Owens prefers medium 7-foot Fenwick HMG rods mated to 2500 or 3000 Series Penn Battle III or Slammer spinning reels spooled with 10- to 15-pound test Spiderwire braid and 8- to 10-inches of monofilament leader.
When the sun climbs, redfish go deeper, ending the topwater bite. So Owens uses a loop knot to tie on a 1/8- or 1/4-ounce leadhead jig threaded with a 3- or 4-inch Berkley Gulp Shrimp in pearl-white, Sugar Spice or Sangria, a new translucent color (pink, red and gold).
“I use 8- to 10-inch long 30-pound-test fluorocarbon leaders,” he said.
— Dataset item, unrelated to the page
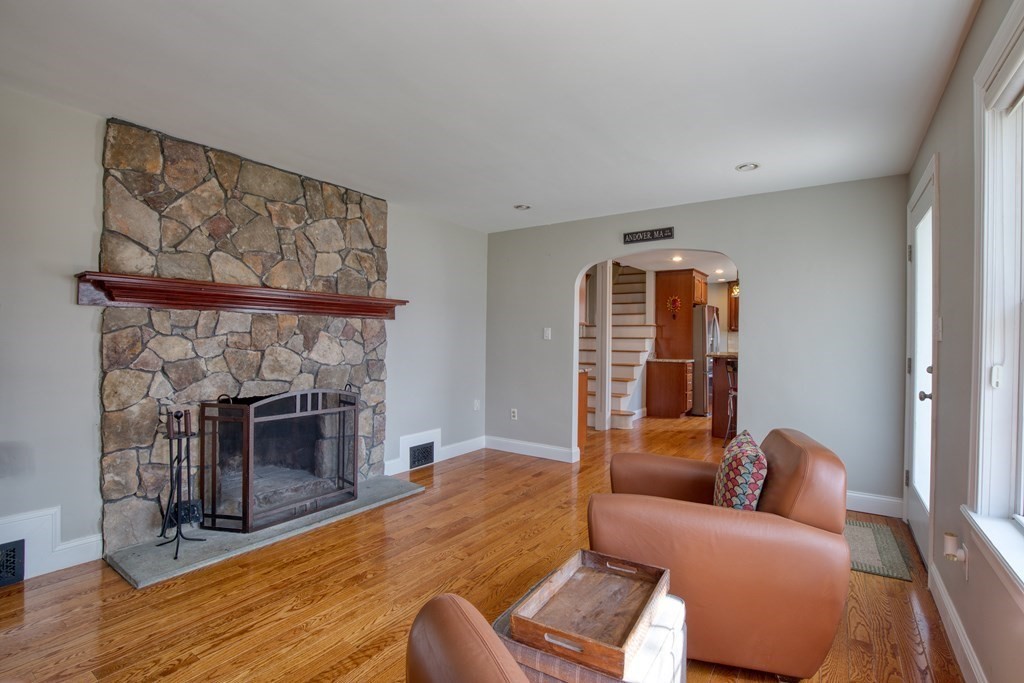 50 Topping Road Andover, MA 01810 - Photo 3 of 38 Gallery Image 3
To fish soft plastic lures, his terminal tackle may be a Carolina-rig with a 1/2- or 3/4-ounce egg sinker and 18-inch fluorocarbon leader tied to an Eagle Claw L42 1/0 hook to fish live finger mullets or menhaden.
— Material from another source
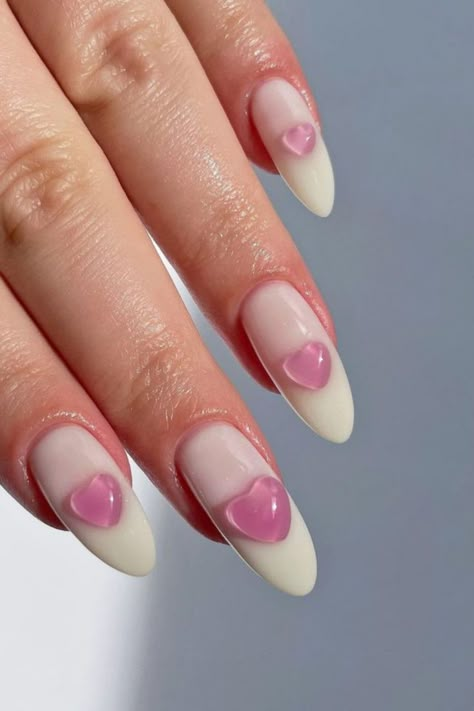 Here’s an ultra girly version of the 3D nail art trend – this time with bubbly 3D hearts that almost look like jelly! This look is definitely only for the bold! Minimalist Nail Design, Blue Glitter Nail Polish, Nail Heart, Trendy Short Nails, Strawberry Nail Art, Nail Colors Summer, Best Summer Nail Color, Pearl Nail Art, Mermaid Designs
“If I have novice anglers (on his 22-foot Ranger bay boat), I may set up a popping or rattlin’ cork with a 1 ½-foot fluorocarbon leader and fish live bait or 3-inch Berkley Gulp Shrimp.”
Owens said a perfect redfish day would include conditions that allow fishing shallows/flats for a topwater bite then hit deeper spots at docks.
“Normally in a full day’s time, we catch red drum that are 24 to 30 inches but often catch two or three 36-inch reds,” he said.